GitHub - deepseek-ai/profile-data: Analyze computation-communication overlap in V3/R1.
Key Points
- 1DeepSeek-AI publicly shares profiling data from their training and inference framework to demonstrate communication-computation overlap strategies and low-level implementation details, captured via PyTorch Profiler.
- 2The training profile illustrates an overlapping strategy for DualPipe forward and backward chunks, each with four MoE layers, using an EP64 and TP1 configuration, excluding PP communication.
- 3Inference profiles for prefilling and decoding utilize two micro-batches to overlap computation with all-to-all communication; prefilling balances attention load, while decoding frees GPU SMs during all-to-all operations.

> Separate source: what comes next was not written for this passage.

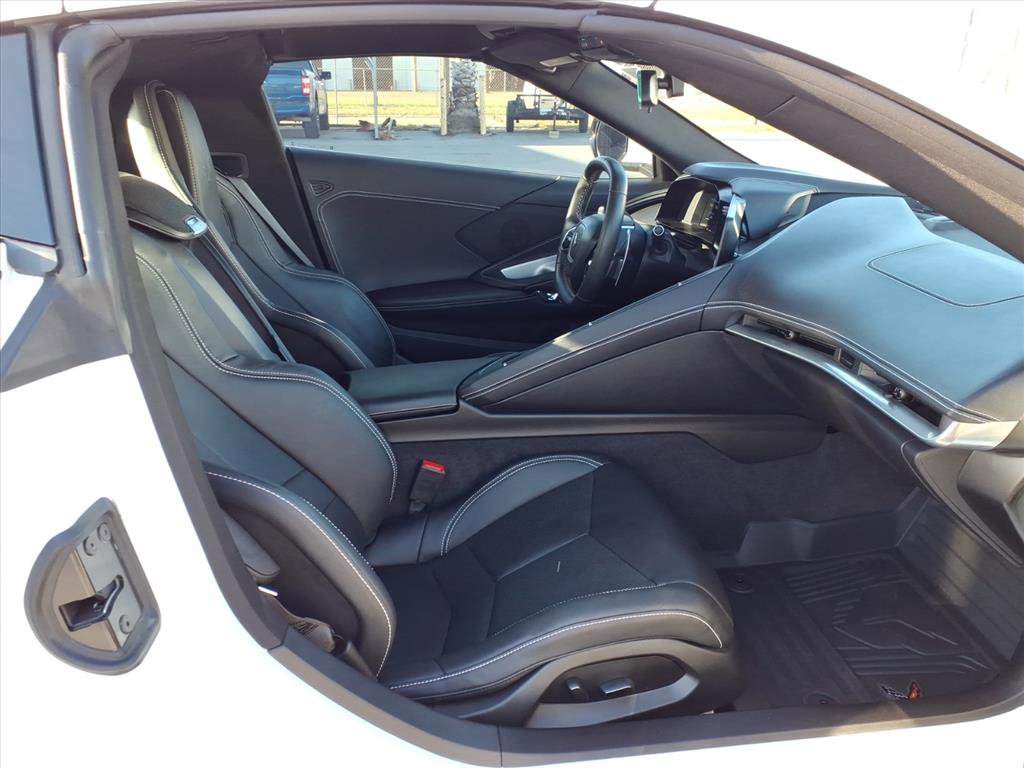 Used 2023 Chevrolet Corvette Stingray Coupe w/ Z51 Performance Package image 20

The DeepSeek-AI team publicly shares profiling data captured using PyTorch Profiler from their training and inference framework, aiming to provide insights into communication-computation overlap strategies and low-level implementation details. This data can be visualized using chrome://tracing or edge://tracing. A key simplifying assumption for all profiles is the simulation of an absolutely balanced Mixture-of-Experts (MoE) routing strategy.

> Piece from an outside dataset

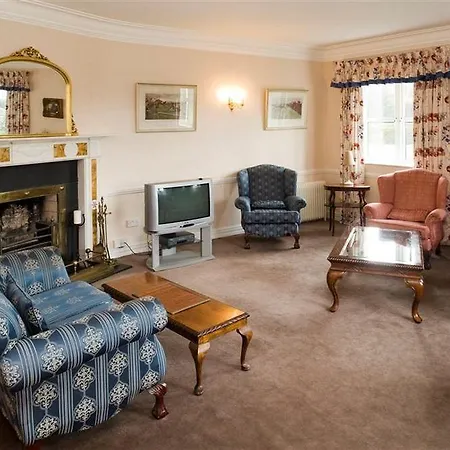 Broadmeadow Country House *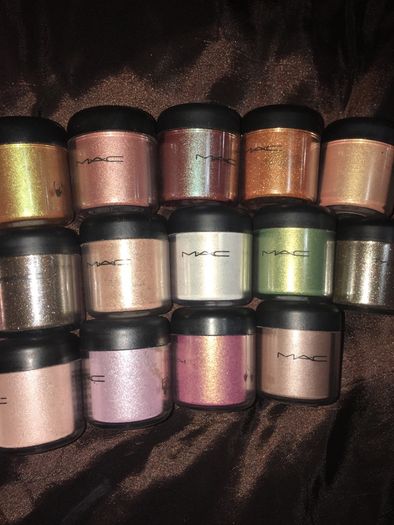 100% genuine mac pigments & glitters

The Training Profile specifically demonstrates the overlapping strategy for individual forward and backward chunks within their DualPipe architecture. Each chunk comprises four MoE layers. The parallel configuration for this profile aligns with DeepSeek-V3 pretraining settings, utilizing Expert Parallelism (EP) of 64 and Tensor Parallelism (TP) of 1, with a sequence length of 4K. For simplicity, Pipeline Parallelism (PP) communication is explicitly excluded from this profiling data.
The Inference Prefilling Profile reflects DeepSeek V3/R1's actual online deployment settings, employing EP32 and TP1. It uses a prompt length of 4K and processes a substantial batch size of 16K tokens per GPU. The core methodology for overlapping computation and all-to-all communication involves the utilization of two distinct micro-batches. This strategy ensures that the attention computation load is balanced across these two micro-batches, which may entail splitting a single prompt across them.
The Inference Decoding Profile also closely matches actual online deployment configurations, using EP128 and TP1, with a prompt length of 4K and a batch size of 128 requests per GPU. Similar to prefilling, decoding leverages two micro-batches to facilitate the overlap of computation and all-to-all communication. However, a critical distinction from prefilling is that during decoding, the all-to-all communication does not occupy GPU Streaming Multiprocessors (SMs). Once Remote Direct Memory Access (RDMA) messages are issued, all GPU SMs are freed, and the system waits for the all-to-all communication to complete only after the computation phase has finished. Further details on the all-to-all implementation are referenced to DeepEP.